# Adding 2Nd Ac



## Currey (Apr 27, 2016)

After 2 trips to the beach in the past two years in our 2015 312BH, we have decided to add a 2nd AC in the front bedroom. I'm just going to run it as a stand alone unit and not off of a thermostat. With that being said, I had a couple of questions:


 What unit comes stock on our trailers? Dometic, Coleman?
 Is the stock (original) unit low profile? (as in the dometic penguin II)
 What AC does everyone recommend for the second? My OCD makes me want to match it to the original, but my wallet says go with non-low profile if at all possible

Lastly, what tips, tricks, ideas would help with my install? I've already pulled every vent and re-taped the attic/plenum area. I plan to seal off the "extra" duct space in the front room and BH with a pool noodle and tape.

Thanks for your help!


----------



## rjatmplacement (Jan 1, 2017)

Don't skimp and get a 13.5k pay the fee extra dollars and get the 15K

Sent from my iPhone using Tapatalk


----------



## 325BH (May 10, 2016)

rjatmplacement said:


> Don't skimp and get a 13.5k pay the fee extra dollars and get the 15K
> 
> Sent from my iPhone using Tapatalk


I did the opposite. My main unit is 15k and my front room is a 13,500 unit. It is more than enough for that front room. Plus, I wanted to minimize power draw so I could run it off of a little generator.

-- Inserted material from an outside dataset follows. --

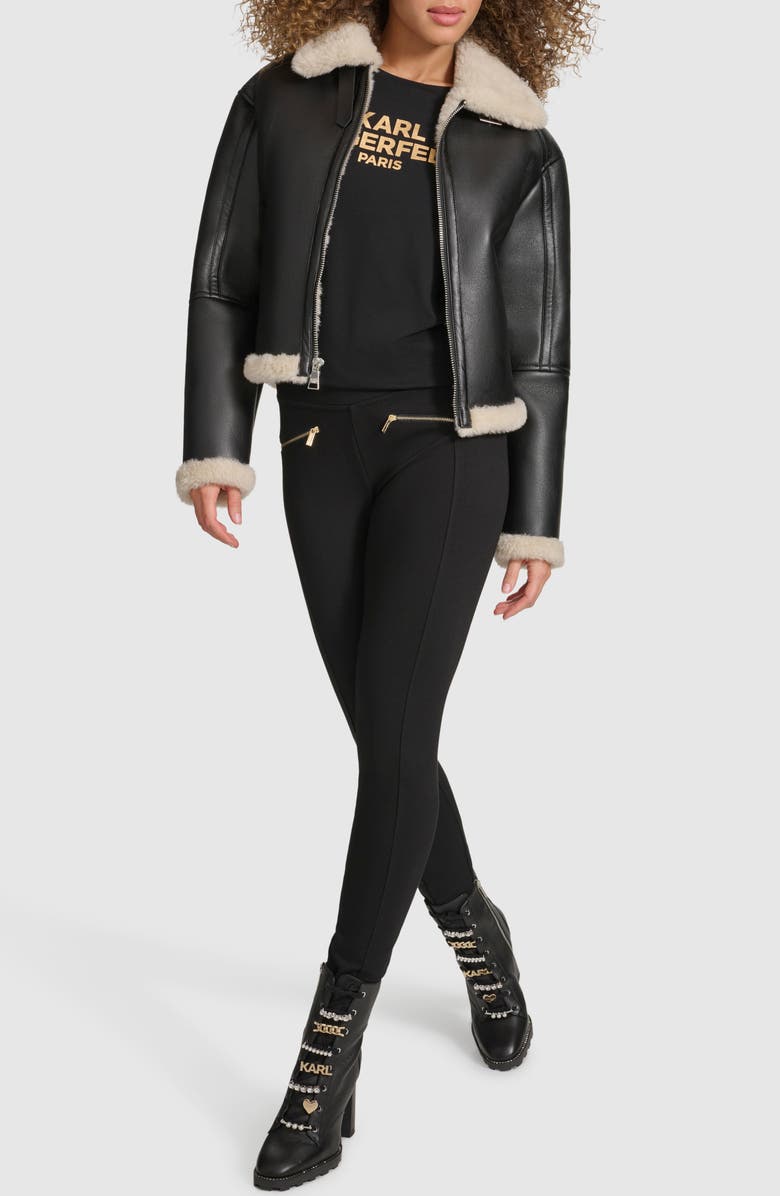 KARL LAGERFELD PARIS Faux Leather & Faux Shearling Bomber Jacket, Alternate, color, Black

Sent from my iPhone using Tapatalk


----------



## Currey (Apr 27, 2016)

i was thinking of just going for the 13.5 for the same reasons - it will just be cooling the front bedroom. Anyone have any reason why this would not suffice?


----------



## 325BH (May 10, 2016)

The closer you can match the ac for the area being cooled the better. The longer an ac runs (actually running the compressor) the better the humidity will be (lower).

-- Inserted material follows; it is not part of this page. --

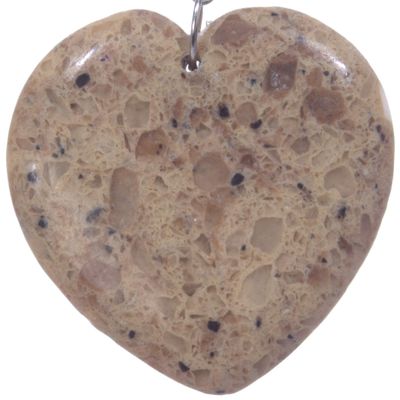 Bead, Jasper Gemstone 1.75" Heart Pendant Bead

Since the R-value in campers generally suck, going BIG with the air conditioners is the common theme. Once you start adding multiple units however, it makes sense to think about the room that will be cooled.

A secondary benefit of a smaller ac unit is being able to run it from a small inverter generator. That may not be a concern though.

Sent from my iPhone using Tapatalk


----------